Cette vision « conservatrice » des relations de genre se retrouve aussi dans son ouvrage Les femmes du Prophète, un recueil de biographies des épouses de Muhammad publié par ‘Abd al-Rahmân en 1963. À la lecture de ce texte, il est frappant de voir que Bint al-Shâtiʼ a négligé presque totalement le rôle social et politique joué par ces femmes dans la première communauté musulmane, pour se concentrer uniquement sur leur vie domestique. En outre, ce sont surtout les aspects négatifs de cette vie domestique qui sont soulignés : le cadre biographique offert au lecteur et à la lectrice est centré sur les rivalités, les jalousies et les petits vices qui caractérisaient les différentes épouses du Prophète. En ce sens, la figure de ‘Âʼisha, la plus jeune d’entre elles et la favorite, selon la tradition, aux yeux de Muhammad, est emblématique.

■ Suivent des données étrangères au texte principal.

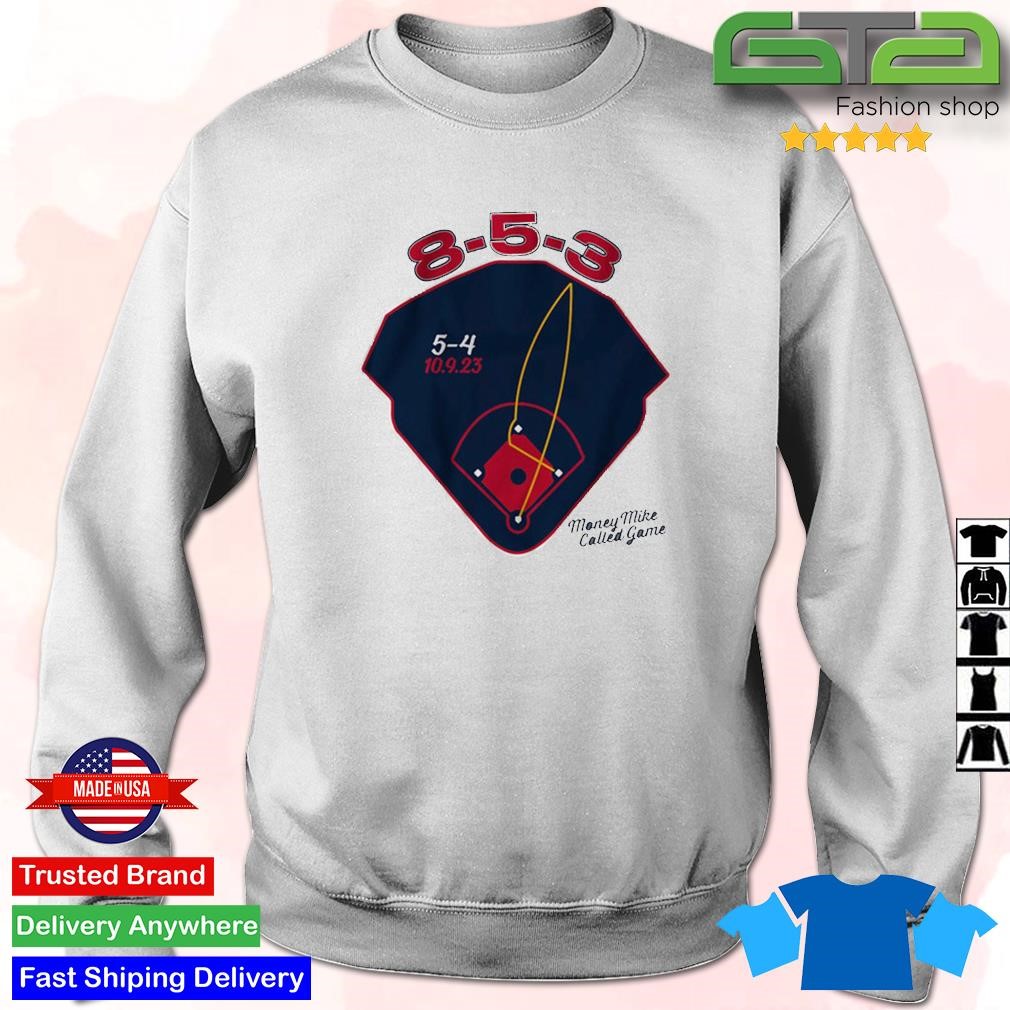 Atlanta Braves The 8-5-3 Game T-Shirt - Skullridding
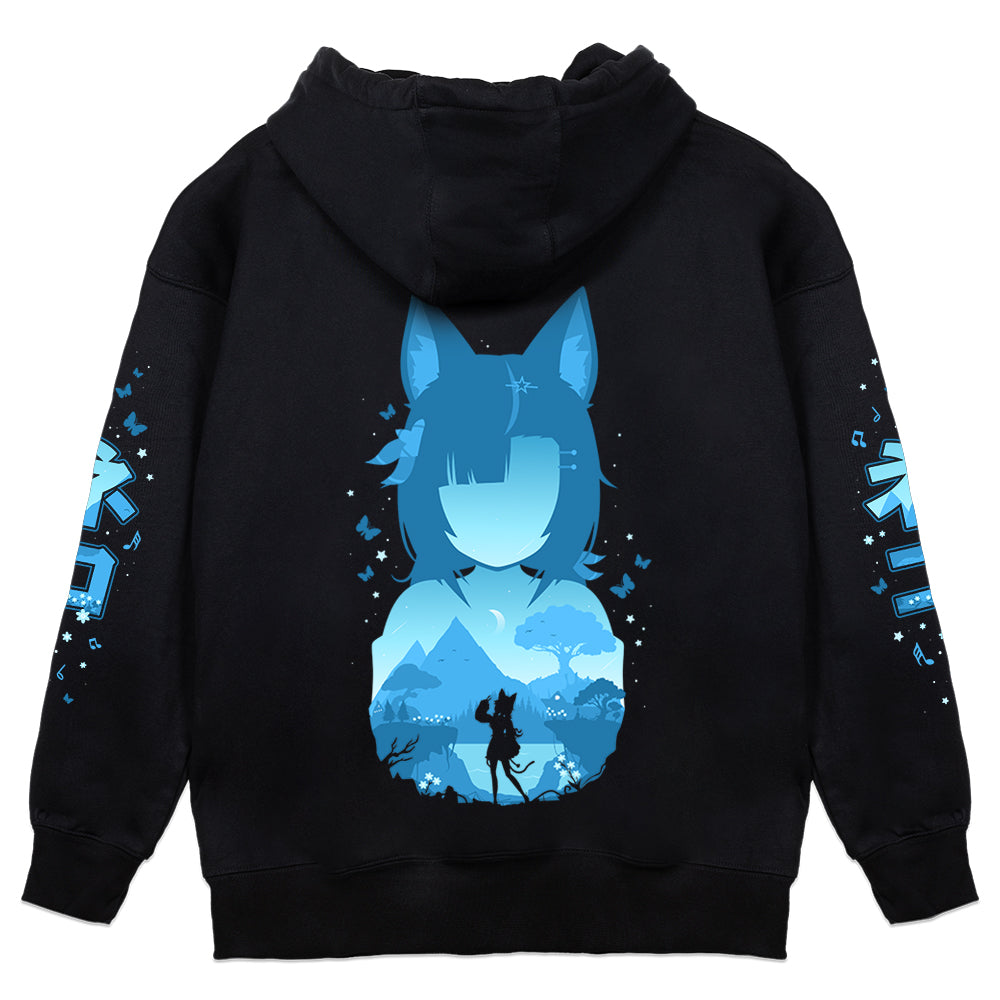 Shiho Litchi 'Guardian's Duality' Hoodie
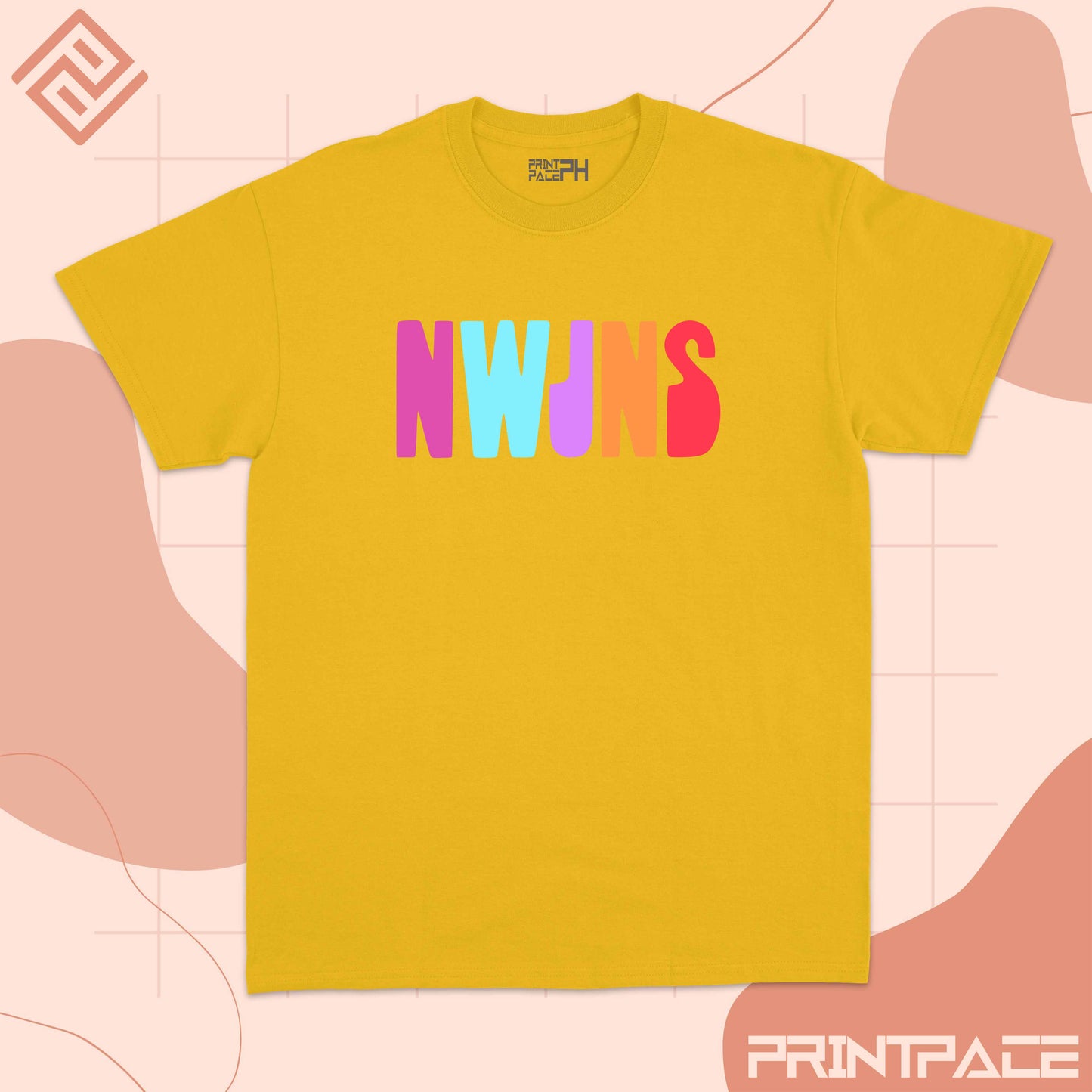 NEWJEANS - NWJNS Logo Kpop Shirt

Dans la biographie qui lui est consacrée par son homonyme ‘Abd al-Rahmân, le récit est interrompu avec la mort du Prophète, survenu lorsque la jeune veuve avait à peine 18 ans et que son rôle de premier plan à l’intérieur de la communauté musulmane venait juste de commencer. Son intelligence et sa position d’épouse favorite du Prophète lui conférèrent un rôle fondamental dans la transmission des traditions attribuées à Muhammad (hadîth) ; mais ‘Âʼisha n’hésita pas à donner son opinion notamment dans les questions politiques et successorales. Après l’assassinat du troisième calife ‘Uthmân et l’élection de ‘Alî, cousin et gendre du Prophète, comme son successeur, ‘Âʼisha refusa de reconnaître l’autorité de ce dernier. Elle trouva un soutien auprès de certains alliés et la discorde aboutit à une bataille, à laquelle ‘Âʼisha participa en personne, bien que cachée dans un baldaquin monté sur un chameau fauve – une présence si importante que le combat aurait par la suite été appelé la « bataille du chameau ». Dans la biographie qui lui est consacrée par Bint al-Shâtiʼ, il n’y a pourtant aucune référence à l’important rôle religieux et politique qu’elle a tenu dans la première communauté musulmane ; l’intérêt de l’auteure n’est réservé qu’aux anecdotes de sa vie matrimoniale.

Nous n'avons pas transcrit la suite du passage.